JUDAS PRIEST JUDAS PRIEST Difficile de succéder à un tel showman, mais Judas Priest en a vu d'autres, et c'est un sacré évènement que d'assister à un concert de ce groupe dans la préfecture de Meurthe-et-Moselle. J'imagine la tête de Rob Halford, l'indestructible chanteur du Priest, en train de consulter le rider de la tournée et de chercher à mettre la cité ducale sur une carte, entre une date au Graspop et un show à Copenhague. Tel un marin de haute mer, il a sorti ses instruments de mesure plus ou moins précis (et a surtout fait confiance au GPS du chauffeur du tour bus) pour arriver à bon port. La nuit est tombée, le public est bouillant et mes copains et moi-même prenons possession de la fosse (désormais ouverte à chacun). Jérémie me fait remarquer que l'énorme drapeau sur scène (contenant des titres du nouvel album Invincible shield) sert de setlist pour ces musiciens d'un âge certain. La blague est savoureuse, mais dès "Panic attack" à l'ouverture du show, fini de rigoler : Judas Priest va en effet envoyer un Heavy Metal de haute volée en enchaînant les tubes et en rivalisant de technicité. Le public ne s'y trompe pas (tout comme Tom Morello, dans un état second à la console son) et réserve aux cinq musiciens un accueil chaleureux. Ça shrede à tout va ("You've got another thing comin"', "Rapid fire"), ça fait chanter le public qui ne demande qu'à s'égosiller ("Breaking the law" intervenant très tôt dans la setlist). Rob Halford (qui paraît moins vaillant qu'Alice Cooper) est formidablement secondé aux chœurs par Scott Travis et Andy Sneap, même si je regrette l'abus de delay dans le traitement de la voix. Quel que soit le tempo du morceau, le bassiste Ian Hill exécute toujours le traditionnel jeu de scène composé d'un mouvement de haut en bas de son crâne, ce qui ne manque pas de nous interpeller. Quant aux harmonies guitaristiques, elles mettent en valeur l'excellent "Invincible shield" tandis que "Painkiller" se révèlera un sacré coup de poignard, bluffant l'assistance par une exécution de haute volée et une précision déconcertante. Et alors que l'heure des rappels a sonné après ces enchaînements de riffs aiguisés et de soli démentiels, nous quittons les lieux pour ne pas se faire piéger par les bouchons de sortie du Zénith (chat échaudé craint l'eau froide) et, reconnaissons-le, pour profiter d'un repos bien mérité après ce déluge sonore de haute qualité.
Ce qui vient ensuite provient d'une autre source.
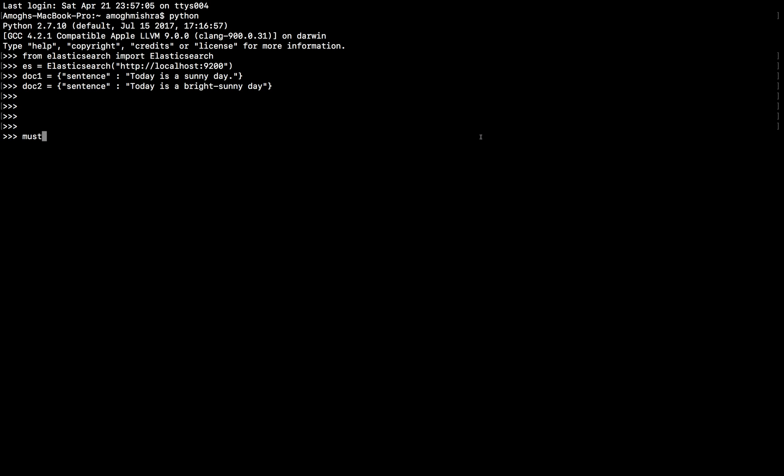When in Elasticsearch, we have a similar logic via MUST, MUST NOT, and SHOULD. Combined queries are very helpful when you want a precisely filtered output, satisfying several conditions.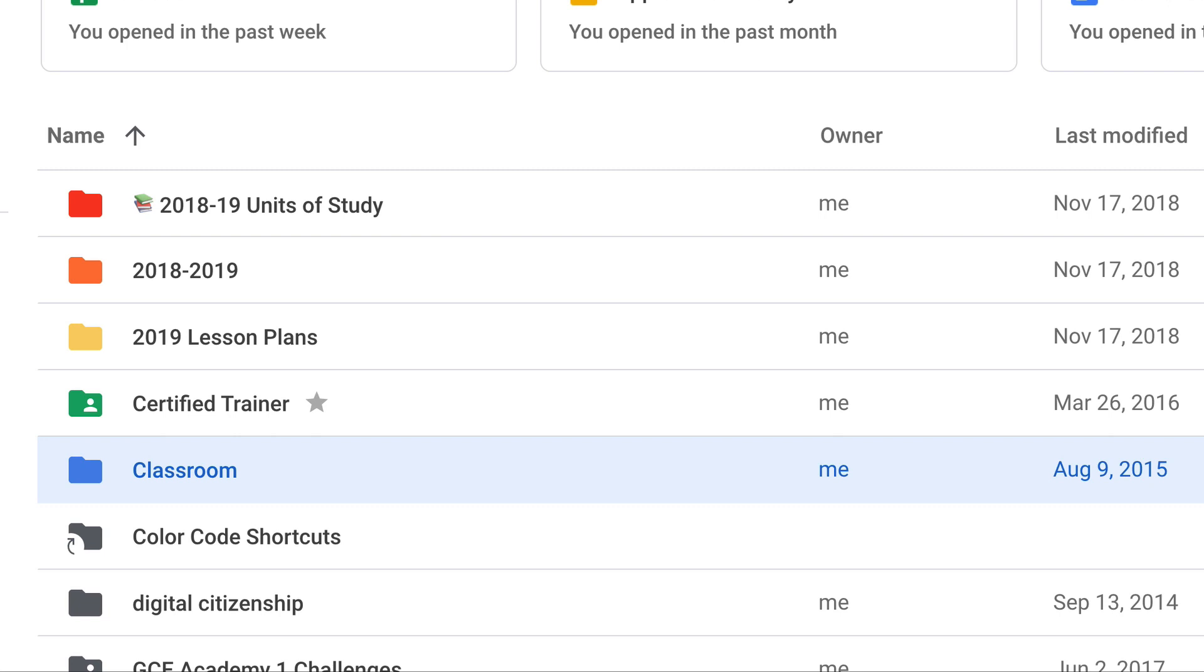Hey y'all, this week's quick tip is about color coding your folders and shortcuts in Google Drive. You can actually change the color of a folder, but just recently Google announced that you could also change the color of folders that are shortcuts, meaning they're owned by someone else and you have added them to your drive.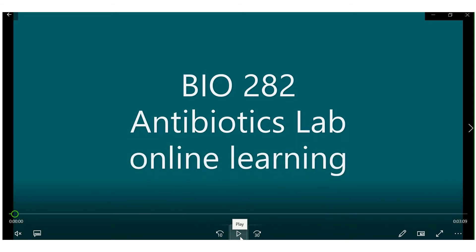Hello and welcome to Bio 282 Antibiotics Lab for online learning. This video is meant to be paired with additional resources and videos that your instructor has posted on Blackboard as well as in tandem with the lab manual chapter 9.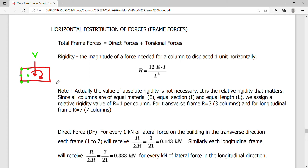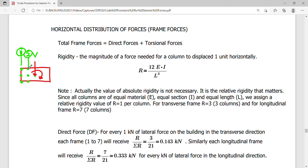Frame by frame, if we have a force V here, frame one will actually receive a different shear than frame two. It depends upon the distance of your center of rigidity to the column — that's what makes the distribution different from one frame to another.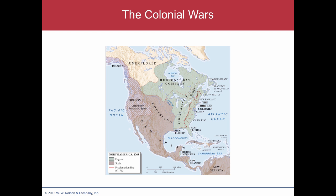Following the Treaty of Paris, the map changed dramatically. The French no longer held their North American territories. Florida became English. The western half of the French holdings became English, with the Mississippi River as the dividing line, and everything west became Spanish. It really doesn't matter that it became Spanish because the French were still the dominant culture in that area, and it won't change until Napoleon's time.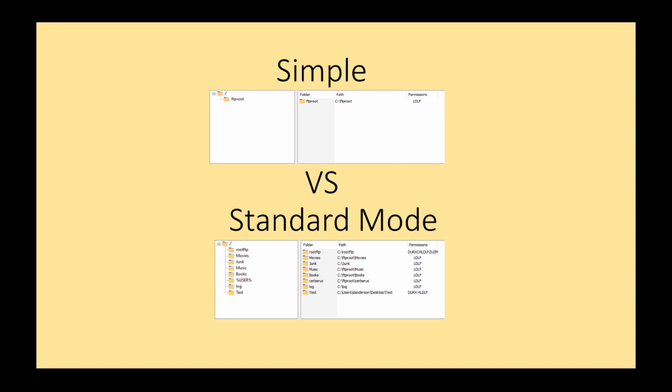Simple mode versus standard mode. There are two modes a user account can operate in with respect to the virtual file system. The two modes are simple and standard mode.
Ce dimanche 23 juin restera dans les annales du Zénith de Nancy comme étant le jour où un bel espoir du Rock, une légende de la Fusion, le Président du Classic Rock et les empereurs du Heavy Metal ont été réunis pour démontrer une nouvelle fois que les guitares ont toujours le vent en poupe, et que le rock à Nancy n'est pas encore mort. L'orga n'a pas été insensible aux conditions techniques et à la "beauté" du lieu, et semble enthousiaste de remettre le couvert l'an prochain. Si GDP arrive à maintenir le cap avec une affiche de haute volée comme celle de 2024, comptez sur moi pour renouveler l'expérience !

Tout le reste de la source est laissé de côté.